*** Opening Given material ***
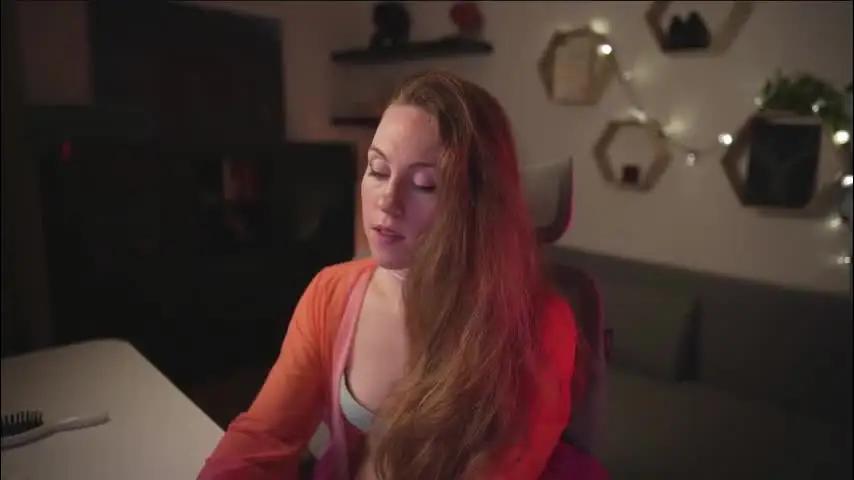 hahayessihaveone Chaturbate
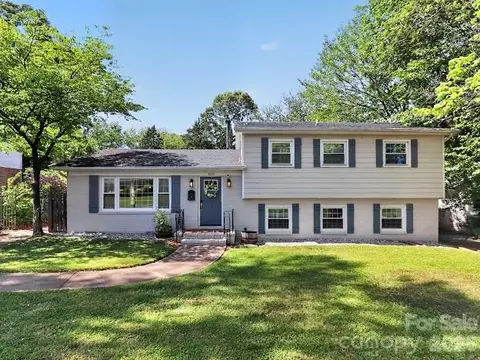 3025 Dunaire Dr, Charlotte, NC 28205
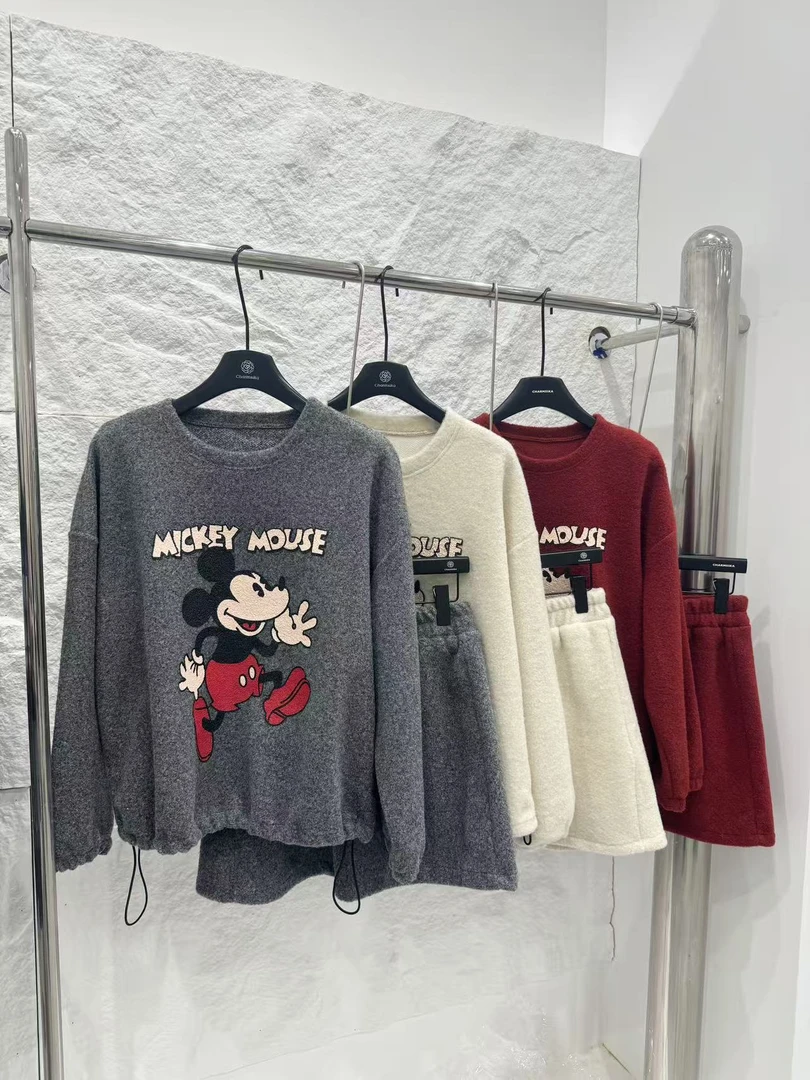 8952-韩系卡通米奇甜美休闲风时尚套装慵懒风套装百搭宽松圆领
*** Closing Given material ***
Without any pictures, please write out the lines from the one containing "3025 Dunaire Dr, Charlotte, NC 28205" through the final line of the data, exactly and inclusive of both ends.

▶ _Output for this task_
 3025 Dunaire Dr, Charlotte, NC 28205
 8952-韩系卡通米奇甜美休闲风时尚套装慵懒风套装百搭宽松圆领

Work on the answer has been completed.